Mr. McGahn’s lawyer, William A. Burck, pushed back on Mr. Giuliani’s attack.
“It’s a mystery why Rudy Giuliani feels the need to relitigate incidents the attorney general and deputy attorney general have concluded were not obstruction,” Mr. Burck said. “But they are accurately described in the report.”
The special counsel, Robert S. Mueller III, examined a wide range of actions that Mr. Trump took as president that could be considered obstruction of justice. Investigators relied heavily on Mr. McGahn, who provided detailed accounts of what Mr. Trump did and said behind closed doors as he tried to maintain control over the Russia investigation.
Among the damaging episodes was one based largely on Mr. McGahn that laid out how Mr. Trump told him in June 2017 to have Mr. Mueller ousted because he had several conflict of interest issues. Mr. McGahn believed the conflicts had little merit and told senior White House officials that he was going to resign instead of carrying out Mr. Trump’s order.
Mr. Giuliani said that the president never asked Mr. McGahn to have Mr. Mueller removed, adding that Mr. Trump was simply venting about his frustrations with the special counsel’s investigation, which had cast a cloud over his presidency.
“If it were subject to cross-examination or analysis, it would be a different version,” Mr. Giuliani said.
On the day Mr. McGahn threatened to quit, Mr. Burck told him to hold back on telling other White House officials about what the president was asking him to do. Mr. Burck wanted to stop Mr. McGahn from roping other White House officials into the obstruction of justice investigation and from creating the impression that Mr. McGahn was willing to help Mr. Trump oust Mr. Mueller.
Because Mr. McGahn mainly discussed the issue with Mr. Burck, there are not many witnesses to back him up. In an effort to substantiate Mr. McGahn’s credibility, Mr. Mueller’s team obtained Mr. McGahn’s phone records from the episode. Although Mr. McGahn told investigators that there were two conversations he had with Mr. Trump, the records show only one call, according the report.

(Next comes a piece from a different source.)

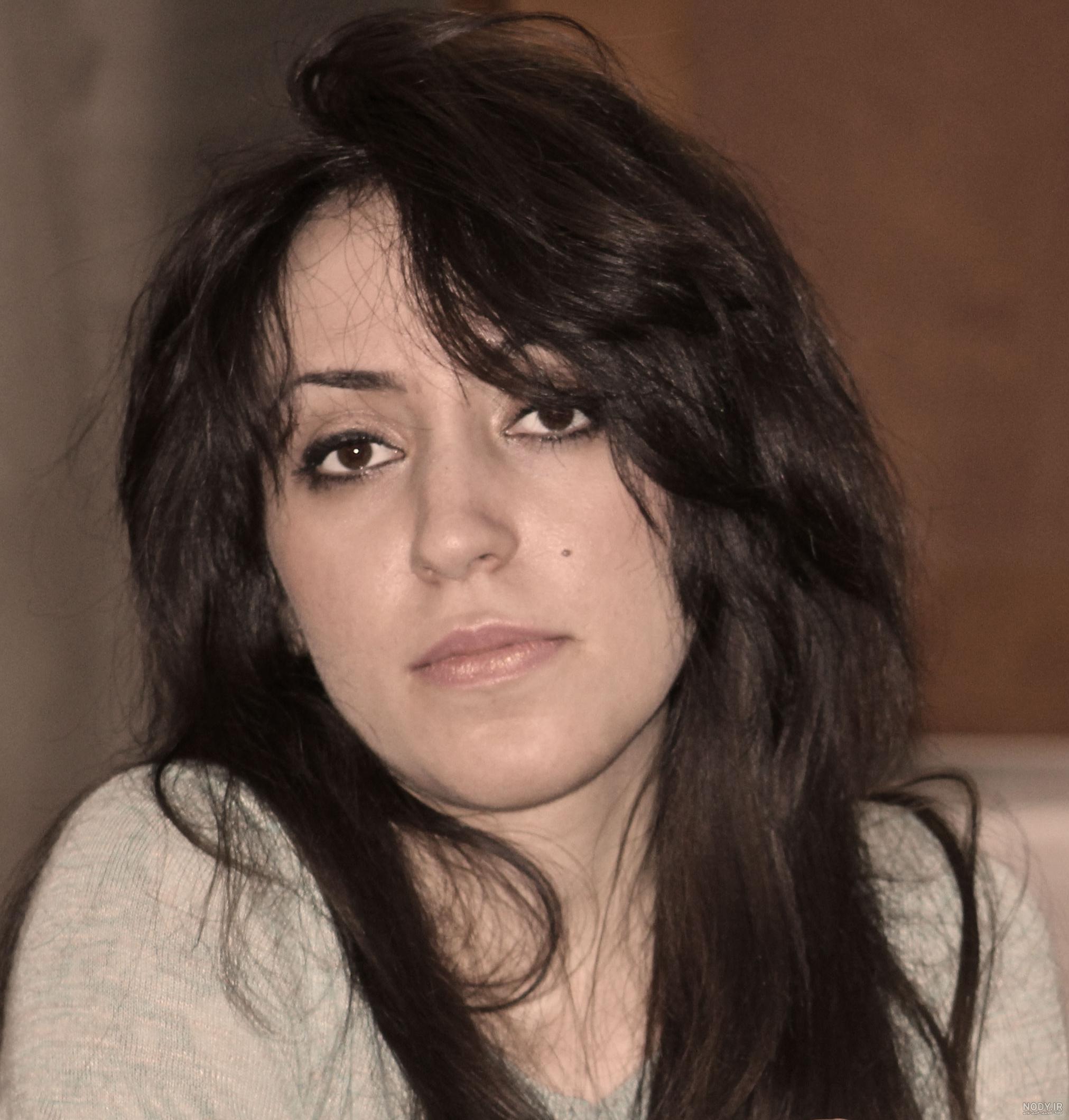 جنایات جعفری تبار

“While McGahn was not certain of the specific dates of the calls,” the report said, “McGahn was confident that he had at least two phone conversations with the president in which the president directed him to call the acting attorney general to have the special counsel removed.”
The report said that investigators accepted Mr. McGahn’s account because he was “a credible witness with no motive to lie or exaggerate given the position he held in the White House.”
In attacking Mr. McGahn, Mr. Giuliani went further than the president had earlier Friday, when he walked up to the line of calling Mr. McGahn out on Twitter. Mr. Trump posted that “statements are made about me by certain people in the Crazy Mueller Report, in itself written by 18 Angry Democrat Trump Haters, which are fabricated & totally untrue.”
“Watch out for people that take so-called ‘notes,’ when the notes never existed until needed,” the president tweeted.